Propose Aiding Senior Owners Pay Property Taxes
Seniors who own their own homes could be receiving aid in paying their real estate taxes this year, both under proposals made by Governor George Pataki in the 2006–07 budget which he released last week and also from a bill introduced in the City Council.
The governor’s budget also proposes an additional benefit under the STAR program, which for some five years has helped reduce property taxes for both seniors and younger homeowners.
The governor’s proposed $110.7 billion budget also would give a $500 homeheating credit to low-income seniors homeowners as well as renters.
Low-income seniors on Medicaid who must join the new federal Medicare prescription drug program, which started January 1 would also be affected. The budget would provide funds to help in the transition.

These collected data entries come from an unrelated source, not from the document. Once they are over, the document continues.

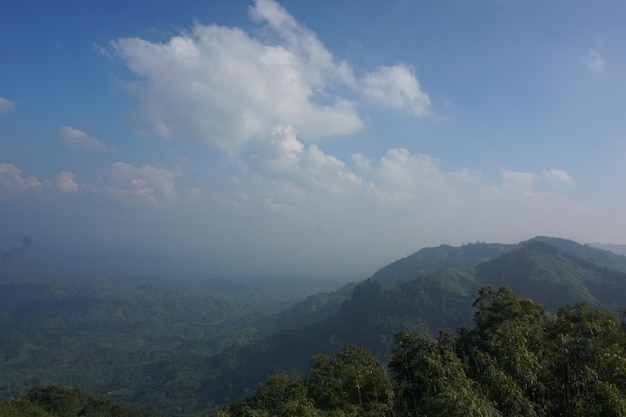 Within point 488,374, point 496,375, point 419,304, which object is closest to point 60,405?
point 488,374

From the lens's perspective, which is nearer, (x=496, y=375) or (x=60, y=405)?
(x=496, y=375)

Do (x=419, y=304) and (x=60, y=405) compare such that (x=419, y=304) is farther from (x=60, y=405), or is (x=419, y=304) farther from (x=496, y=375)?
(x=496, y=375)

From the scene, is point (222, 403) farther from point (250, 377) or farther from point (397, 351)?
point (397, 351)

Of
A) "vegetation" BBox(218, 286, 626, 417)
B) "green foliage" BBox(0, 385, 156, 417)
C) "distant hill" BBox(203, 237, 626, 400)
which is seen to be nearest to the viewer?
"vegetation" BBox(218, 286, 626, 417)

The Assembly and senate will now consider the governor’s proposals in a long, slow, contentious process which must end by April 1, when the governor, Assembly and senate must approve the budget. It appears everyone involved will pass the senior benefits.
At the local level, New York City homeowners who fall within a low-income tax bracket would get some relief from soaring real estate taxes through being permitted to defer payment of their 2006–07 taxes under a bill introduced by City Councilmembers David Weprin (D–Queens) and David Yassky (D–Brooklyn).
The lawmakers say that homeowners have been saddled with 77 percent tax increases on average homes since 2000. Their bill would provide a deferred payment option to seniors with annual incomes of $26,000 or less.
The tax would then be paid by the homeowners or their heirs whenever a house was sold. The city would then receive the back taxes plus interest under the Weprin–Yassky bill.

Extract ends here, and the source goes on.